The image of the path is deeply resonant with my understanding of what it means to follow Jesus faithfully. There's something about walking boots, a rucksack, food and water for the journey that turns a mountain hike into something as spiritual as it is physical.
Hillwalking is the image of the hymn I chose for my Ordination. And the following of the path that is Christ informs the entire hymn, weaving obedience and trust, perseverance and grace, into a prayer of dedication to the journey, and the One who goes before.

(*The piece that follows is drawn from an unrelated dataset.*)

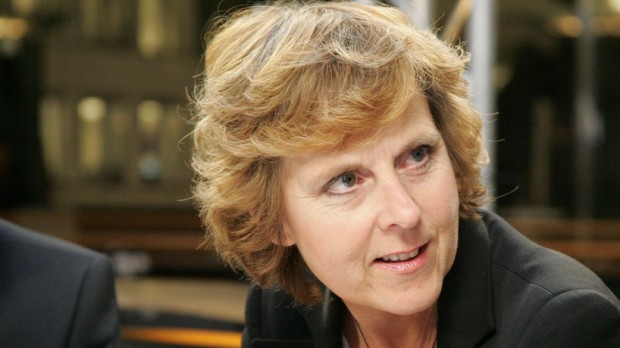 Connie Hedegaard: Det skal koste at slide på naturen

The photos were taken up Bennachie today, from the Mither Tap (1699 feet). Standing between the massive rocks, looking down onto the hill range below what you see is a visual image of "a long obedience in the same direction". Below is the first verse of the hymn, Christ of the Upward Way; it is followed by a favourite poem by the early 17th C poet Giles Fletcher. The first line of the stanza I quote has virtually been a Christian mantra at those times when my life hasn't been straightforward, the path isn't clear, the hill is rocky and the body is tired. But He has led me in right paths, for His name's sake. I've believed even when the evidence wasn't in, that "to trust in God with all my heart" is to find that he directs my paths. I have deep affinities with Benedictine spirituality and love the Rule of Benedict as a moderate, sensible framework for Christian obedience, and that first chapter which begins with the promise "I will run in the paths of your commandments.
No I'm not always consistent in practice; but Jesus said he was the way, the truth and the life, and his call to follow faithfully after him remains for me the homing call of the heart, the magnetic North of the soul, and the Gospel of reconciliation in Christ, remains the truth around which the mind finds its orbit, with the prayer, that, in the honesty and humility of a grace not mine, "every thought can be captive to Christ."
Christ of the upward way,my Guide divine,
Where Thou hast set Thy feet, may I place mine;
And move and march wherever Thou hast trod,
Keeping face forward up the hill of God.
Giles Fletcher, from his poem,
He is a path, if any be misled;
He is a robe, if any naked be;
If any chance to hunger, he is bread;
If any be a bondman, he is free;
If any be but weak, how strong is he!
To dead men life is he, to sick men health;
To blind men sight, and to the needy wealth—
A pleasure without loss, a treasure without stealth.